MATERIALS PROVIDED:
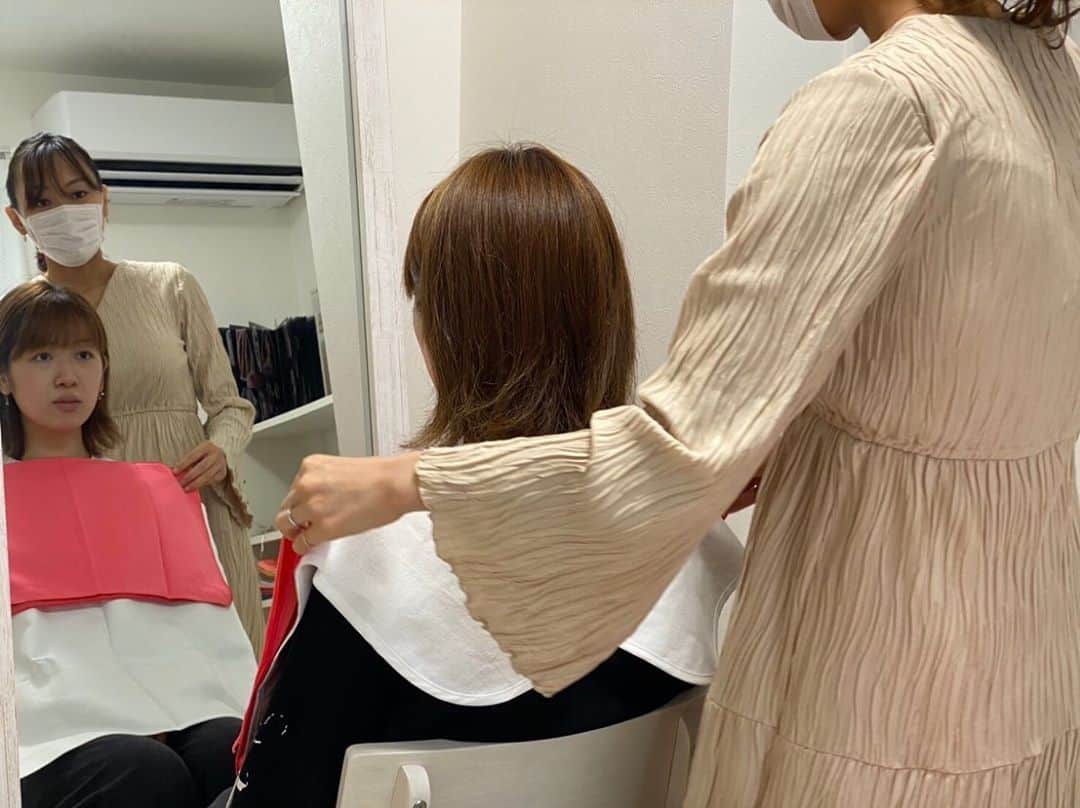 廣瀬詩映莉さんのインスタグラム写真 - (廣瀬詩映莉Instagram)「友達に誘われて #パーソナルカラー診断 に行ってきたよ〜🎨 . ネットの診断(ほぼ全て試した笑)ではイエベなのかな〜とは思ってたけどブルベ化粧品も結構好きで使ってて…🤔 オーディションや宣材撮影の時の服の色は何色が顔色と印象よく見えるのかな…と長年悩んでいたので今回の診断に行けて本当に良かったです😭😭 . 結果は1st #ブライトスプリング🌸 そして2ndが #ブライトウィンター⛄️ でした〜！！ . パーソナルカラーに縛られるのではなく、似合う色を味方につけて自分を魅力的に見せられたらなあ…！ておもた〜！！！ 楽しかった〜！！！！ . #パーソナルカラー #ブルベ #イエベ #イエベ春 #メイク #ヘアカラー」10月11日 17時54分 - shieri_udon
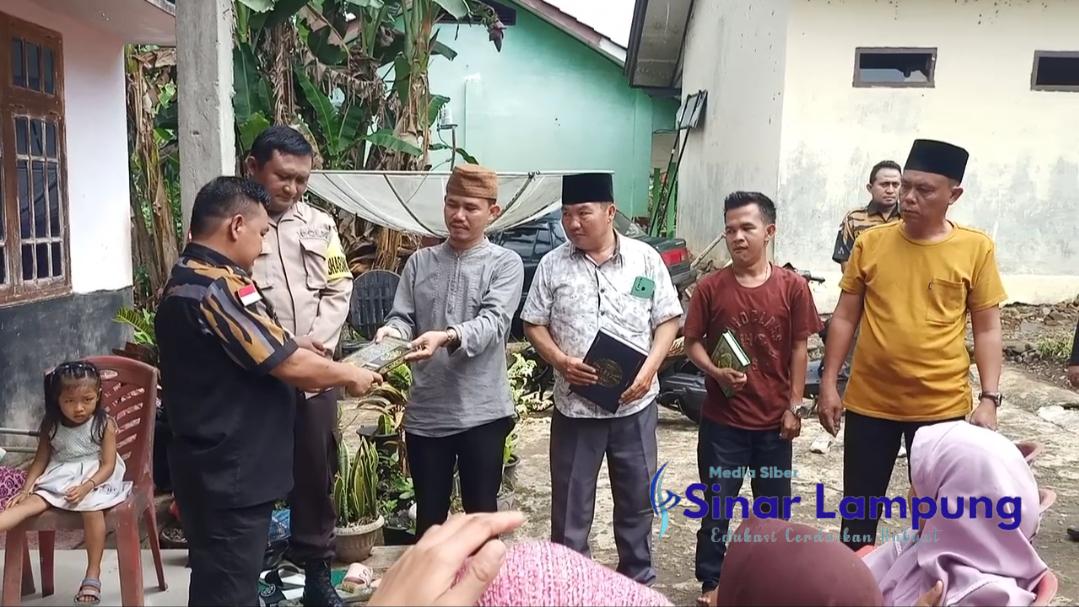 DPD Ormas Pekat IB Tanggamus Bagikan 140 Buah Alquran di Bulan Ramadhan 1444 H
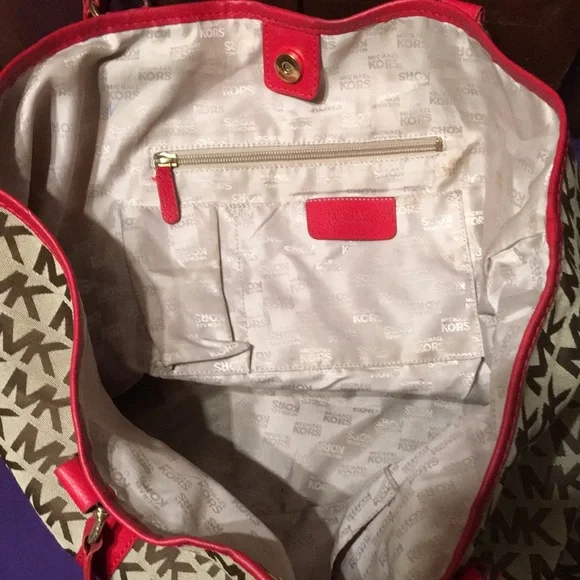 Michael Kors Cream and Red Tote with Elegant Design - Picture 13 of 16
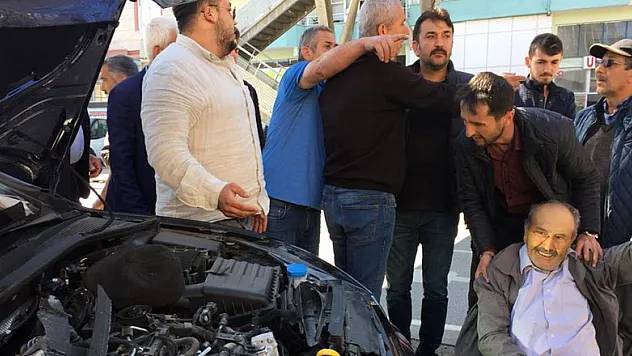 Kaza yapan aracın çarptığı yaya yaralandı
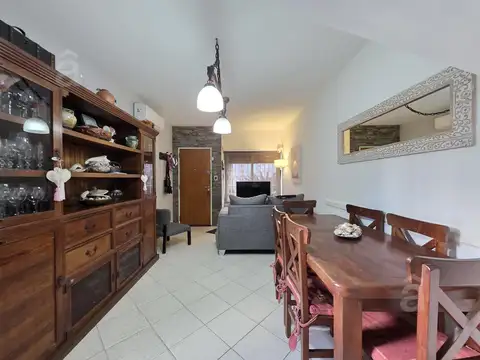 Depto Tipo Casa en Venta de 4 ambientes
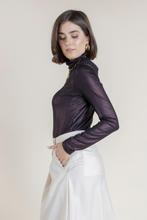 Load image into Gallery viewer, MAJESTIC METALLIC TURTLENECK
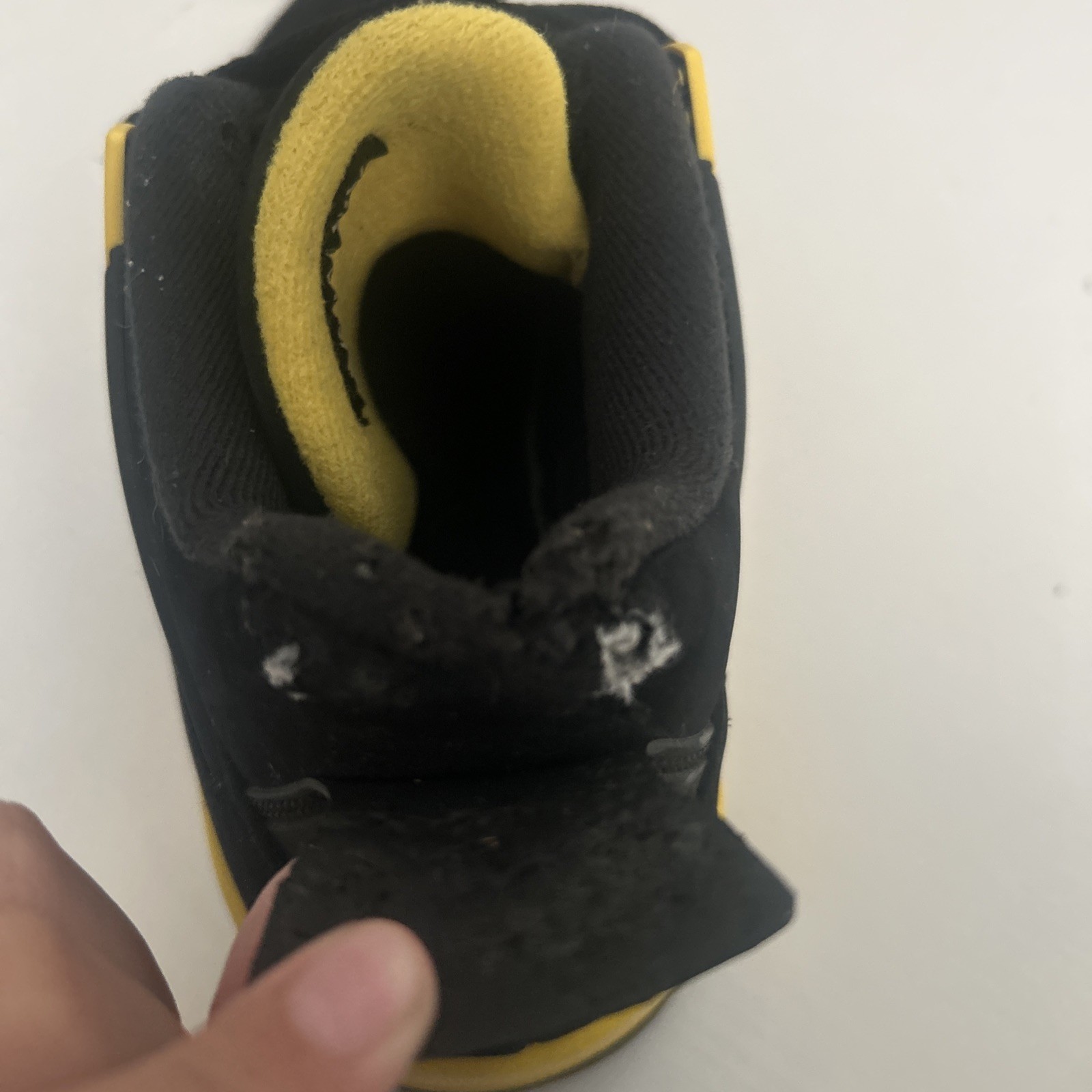 Size 7 – Jordan 4 Retro Mid Thunder
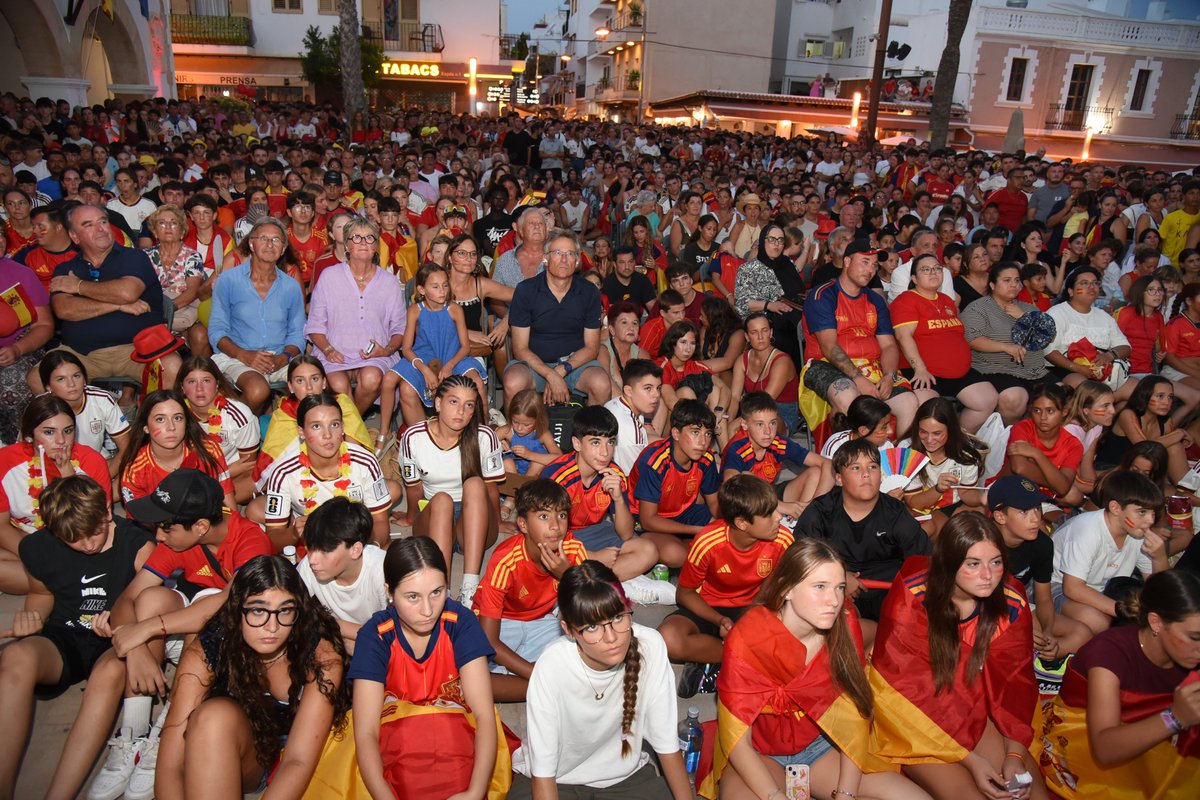 Santa_Eularia's tweet photo. 🏆 Campions del món!

Una nit d'emoció, de nervis i de celebració compartida a Santa Eulària.
-.-.
🏆 ¡Campeones del mundo!

Una noche de emoción, de nervios y de celebración compartida en Santa Eulària. https://t.co/0KYNsr3m73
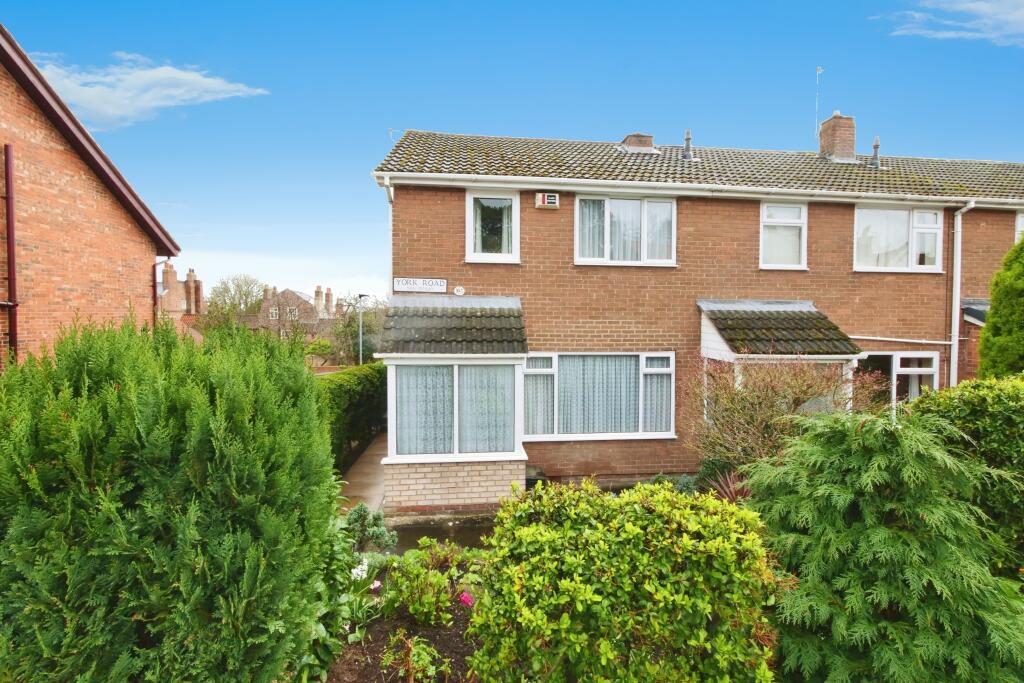 3 bedroom end of terrace house for sale in York Road, Acomb, York, North Yorkshire, YO24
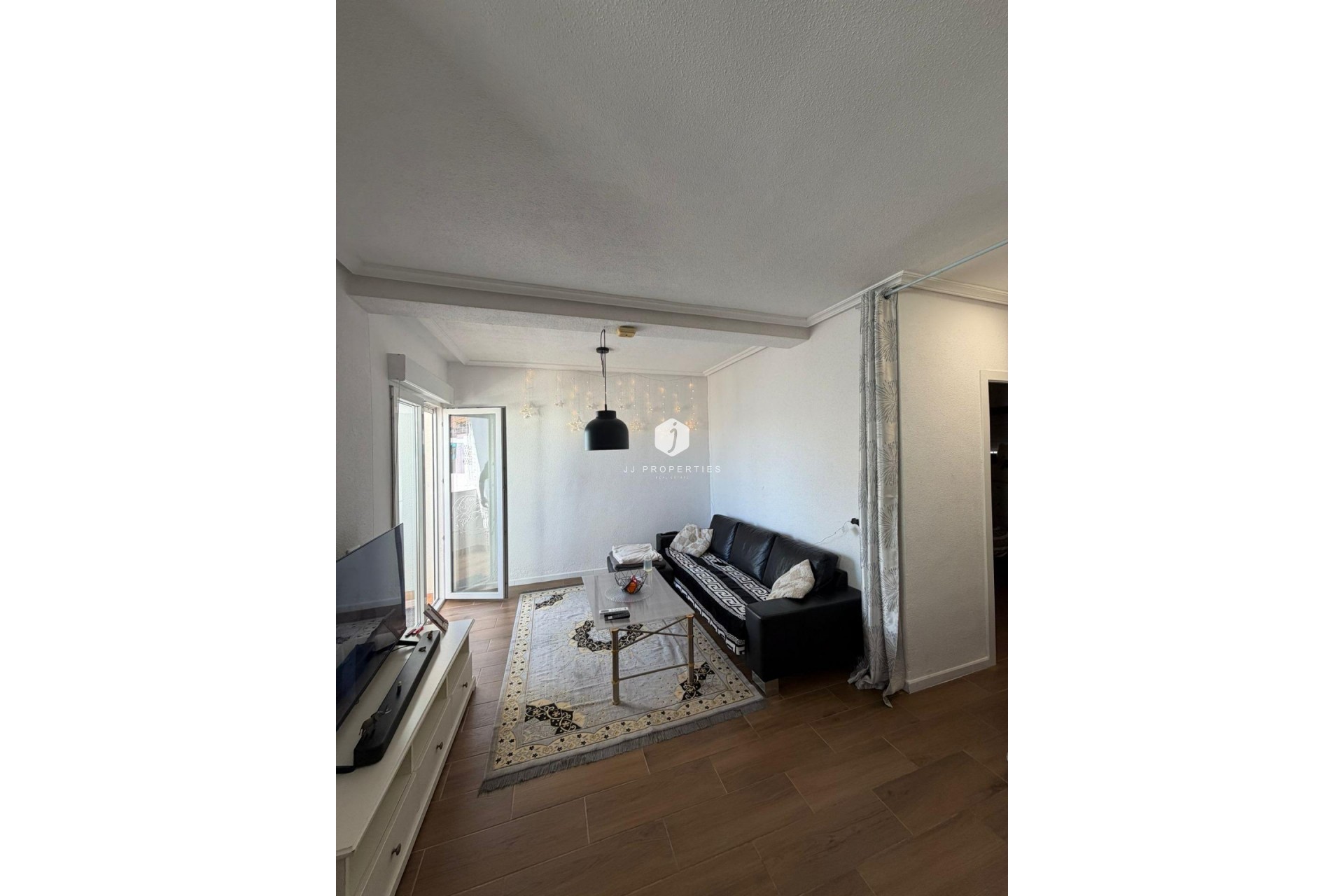 D'occasion - Appartement -
Torrevieja - Punta prima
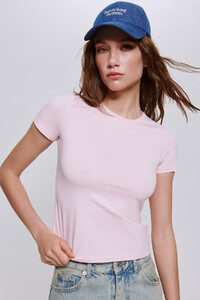 basic-slim-t-shirt-638-candy-2.jpg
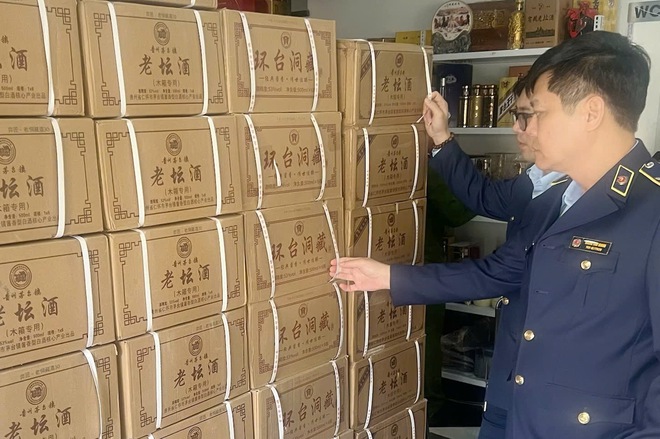 Đột xuất kiểm tra các hộ kinh doanh: Phát hiện nhiều sai phạm nghiêm trọng, có cơ sở bị phạt gần 100 triệu đồng- Ảnh 3.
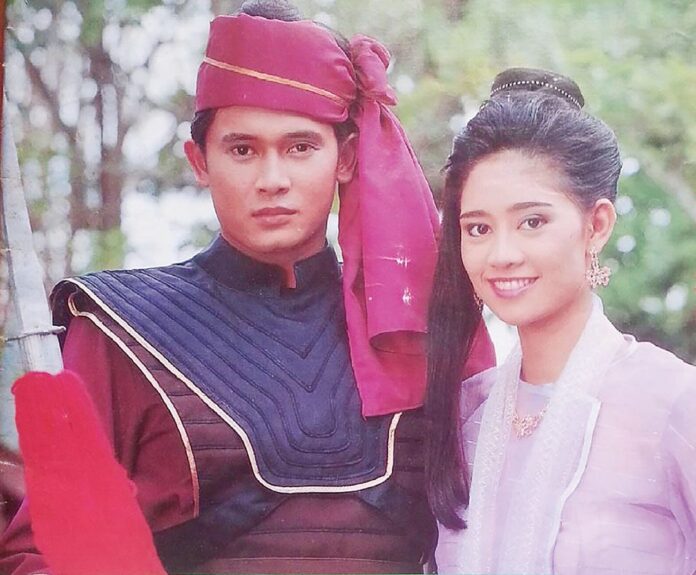 อาทิตย์ใส - ‘สันติสุข-จินตหรา’ ย้อนอดีตคู่จิ้นในตำนาน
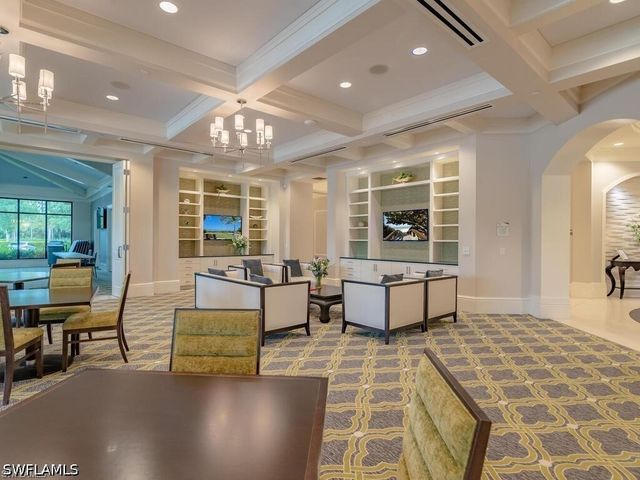 7478 Winding Cypress DR, Naples, FL 34114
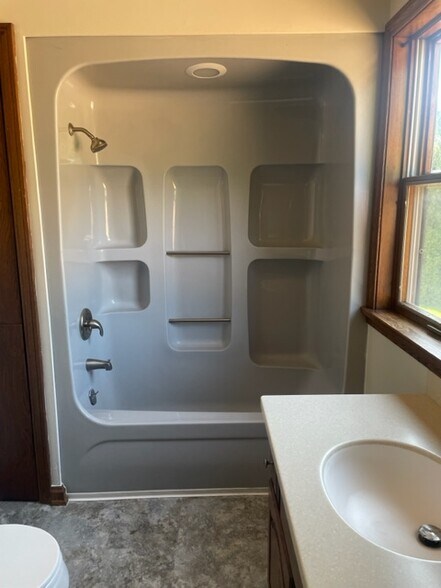 Full Bath - 4806 W Ridge Rd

ACTION ITEM:
From the first line to the last, give the data again exactly, but without pictures.

FINAL ANSWER:
 廣瀬詩映莉さんのインスタグラム写真 - (廣瀬詩映莉Instagram)「友達に誘われて #パーソナルカラー診断 に行ってきたよ〜🎨 . ネットの診断(ほぼ全て試した笑)ではイエベなのかな〜とは思ってたけどブルベ化粧品も結構好きで使ってて…🤔 オーディションや宣材撮影の時の服の色は何色が顔色と印象よく見えるのかな…と長年悩んでいたので今回の診断に行けて本当に良かったです😭😭 . 結果は1st #ブライトスプリング🌸 そして2ndが #ブライトウィンター⛄️ でした〜！！ . パーソナルカラーに縛られるのではなく、似合う色を味方につけて自分を魅力的に見せられたらなあ…！ておもた〜！！！ 楽しかった〜！！！！ . #パーソナルカラー #ブルベ #イエベ #イエベ春 #メイク #ヘアカラー」10月11日 17時54分 - shieri_udon
 DPD Ormas Pekat IB Tanggamus Bagikan 140 Buah Alquran di Bulan Ramadhan 1444 H
 Michael Kors Cream and Red Tote with Elegant Design - Picture 13 of 16
 Kaza yapan aracın çarptığı yaya yaralandı
 Depto Tipo Casa en Venta de 4 ambientes
 Load image into Gallery viewer, MAJESTIC METALLIC TURTLENECK
 Size 7 – Jordan 4 Retro Mid Thunder
 Santa_Eularia's tweet photo. 🏆 Campions del món!

Una nit d'emoció, de nervis i de celebració compartida a Santa Eulària.
-.-.
🏆 ¡Campeones del mundo!

Una noche de emoción, de nervios y de celebración compartida en Santa Eulària. https://t.co/0KYNsr3m73
 3 bedroom end of terrace house for sale in York Road, Acomb, York, North Yorkshire, YO24
 D'occasion - Appartement -
Torrevieja - Punta prima
 basic-slim-t-shirt-638-candy-2.jpg
 Đột xuất kiểm tra các hộ kinh doanh: Phát hiện nhiều sai phạm nghiêm trọng, có cơ sở bị phạt gần 100 triệu đồng- Ảnh 3.
 อาทิตย์ใส - ‘สันติสุข-จินตหรา’ ย้อนอดีตคู่จิ้นในตำนาน
 7478 Winding Cypress DR, Naples, FL 34114
 Full Bath - 4806 W Ridge Rd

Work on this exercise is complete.